While automated Information Retrieval (IR) technologies have enabled people to quickly and easily find desired information, development of these technologies has historically depended on slow, tedious, and expensive data annotation. For example, the Cranfield paradigm for evaluating IR systems depends on human judges manually assessing documents for topical relevance. Although recent advances in stochastic evaluation algorithms have greatly reduced the number of such assessments needed for reliable evaluation, assessment nonetheless remains an expensive and slow process.
Crowdsourcing represents a promising new avenue for reducing effort, time, and cost involved in evaluating search. The key idea of crowdsourcing is to employ a large number of laymen rather than a few experts for data annotation. While often individually less reliable, studies have found that laymen in aggregate often produce superior annotations at significantly lower cost.
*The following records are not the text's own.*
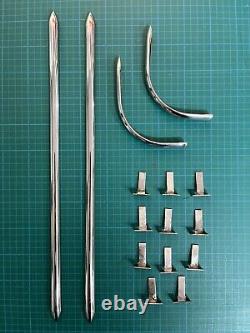 Vendo 44 Original Stainless trims, Coca-Cola soda machine
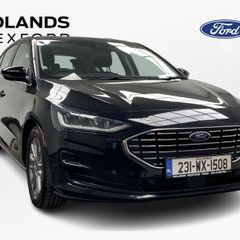 Ford Focus 2023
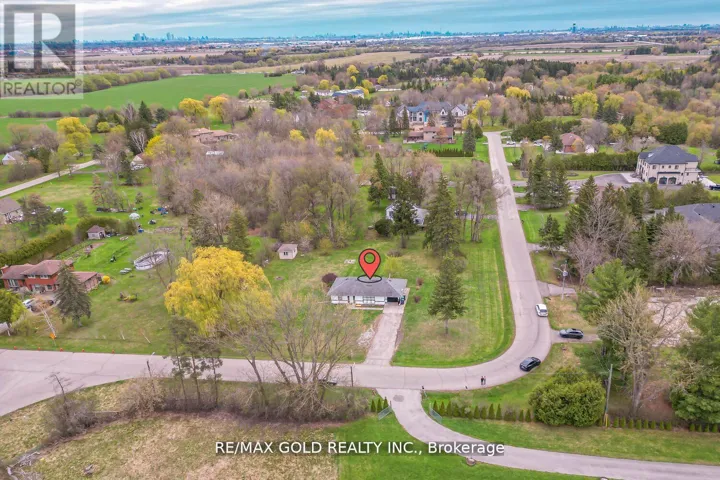 59 MARYSFIELD DRIVE, Brampton (Toronto Gore Rural Estate), Ontario L6P0J2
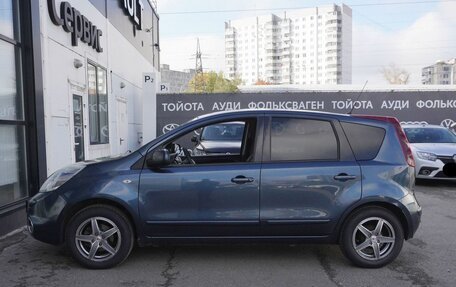 Nissan Note II рестайлинг, 2013 год, 800 000 рублей, 8 фотография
Crowdsourcing has also facilitated exciting new opportunities to perform and utilize search evaluation in creative ways by leveraging the breadth of backgrounds, geographic dispersion, and near real-time response of annotators made possible by crowdsourcing.
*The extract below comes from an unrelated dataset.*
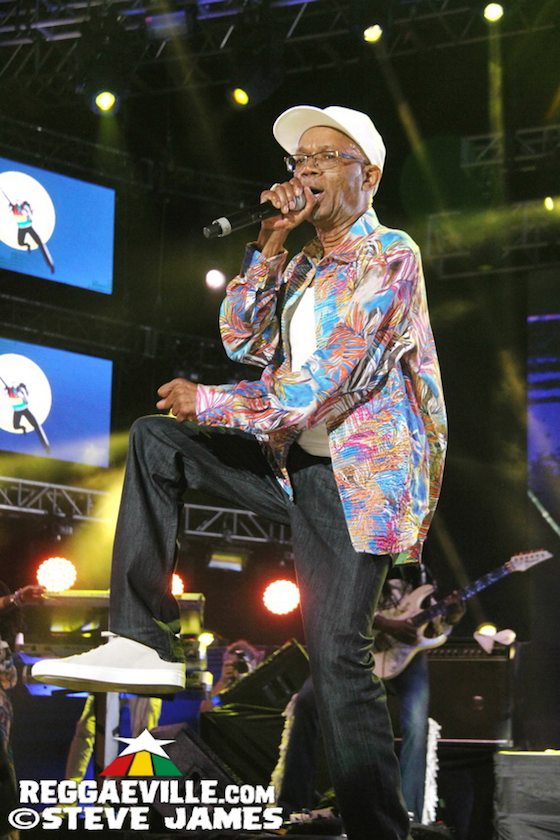 Beres Hammond feat. Beenie Man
While search evaluation studies using crowdsourcing have been quite encouraging, many questions remain as to how crowdsourcing technologies can be most effectively employed. How can varying incentive structures be best leveraged individually or in combination: financial (pay for annotations), goodwill (donate to a charity in proportion to work performed), prestige (credit and publicize annotators for quantity and quality produced), or fun (create a game producing annotations as a byproduct). How can we encourage greater participation from the most effective annotators? How can spammers be quickly and accurately detected? What form of technological interfaces and interaction mechanisms are most useful? Overall, greater exploration and experimentation is needed to formulate new theory, methodology, and best practices for most effectively employing crowdsourcing for search evaluation.